With the wheat mulch which is a high C:N ratio residue (Table 5.2), this could mean that
most of the C in the wheat mulch was water soluble. According to Mason (1976) material
containing more polyphenol take longer time to decompose while on the other hand
decomposition occurs more rapidly in material with low C:N ratio.
e. Mineral N
In general and similar to the 1st experiment, the application of crop residues affected the
ammonium (NH4+-N) and nitrate (NO3
--N) concentrations in the soil. In this experiment
the significance of residue application differed with time. The increased significant
difference in NO3--N with the incorporated pea than mulched pea could be due to the direct
contact of residue with the soil and N volatilisation of surface placed pea residue. This was
similar to the results obtained by Aulakh et al. (1991) who reported significant differences
following the application of vetch with low C:N ratio. This was supported by the results
obtained by Costa et al. (1990) in which N increased more in incorporated than surface
placed residues.
The non significant difference in mineral N with the application of wheat between the
incorporated and mulched treatments could be due to the optimum moisture and
temperature conditions of the incubation environment. This was similar to the findings by
Aulakh et al. (1991) who reported immobilisation of N in incorporated and less change in
mineral N with the surface placed wheat, soybean and corn which had wide C:N ratio.
5.5 Conclusions
The results of this experiment show that under favourable conditions of adequate moisture
content and optimum temperature the decomposition of high quality residues is extremely
rapid resulting in the release of high mineral N concentrations.
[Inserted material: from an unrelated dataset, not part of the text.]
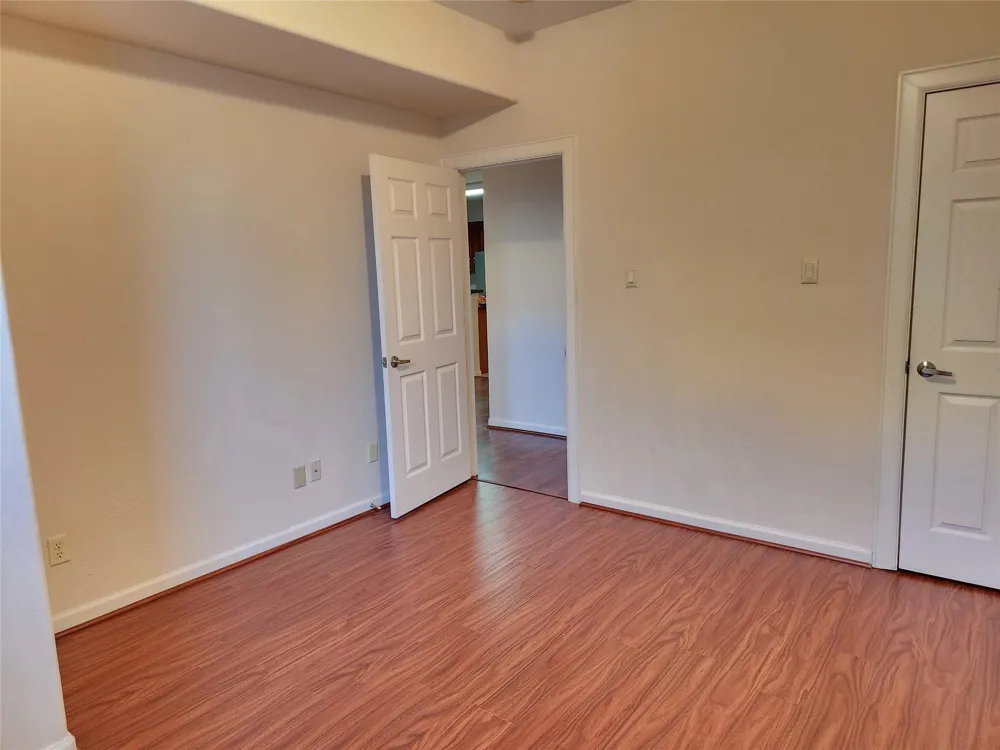 6611 W Sam Houston Parkway S #1A Houston, TX 77072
When residues are left at
the soil surface N supply can limit decomposition and incorporation of residues into the
soil greatly increase the decomposition rate. Incorporating low C:N ratio residue or leaving
it on the soil surface can release sufficient mineral N to synchronise N supply with crop
102
demand at the early stages of growth. However, incorporating or placing residue with high
C:N ratio can immobilise mineral N for a long period.
The use of high quality residues that decompose and release N slowly will help to reduce
the mineralisation of N. Good management of residues such as mixing high and low
quality residues or applying high quality residues during plant growth could be an option
for good utilisation of high quality residue derived N. The quality (C:N) of residues
primarily controls decomposition rate; however, the soil type and method of residue
application contribute to the rate of decomposition. In sandy soils the N release happens so
quickly resulting in loss of N which render N unavailable during times of high crop
demand. As the soils in smallholder farmer fields in Limpopo are mostly sandy and
infertile, addition of low C:N ratio residues that will decompose slowly like mucuna, can
help to improve the fertility of the soil.
103
Chapter 6
General discussions
Poor crop yield is a major problem in smallholder farmer fields in Limpopo. The use of
organic material such as compost, farmyard manure and legume residues, and the
application of N and P fertilisers have been shown to improve crop yield in situations
where soil fertility was poor. The main factor governing the fertility of the soil is the
amount of organic matter in the soil which is regarded as the main plant nutrient source.
Many soils which are regarded as poor contain low organic matter and nutrient content.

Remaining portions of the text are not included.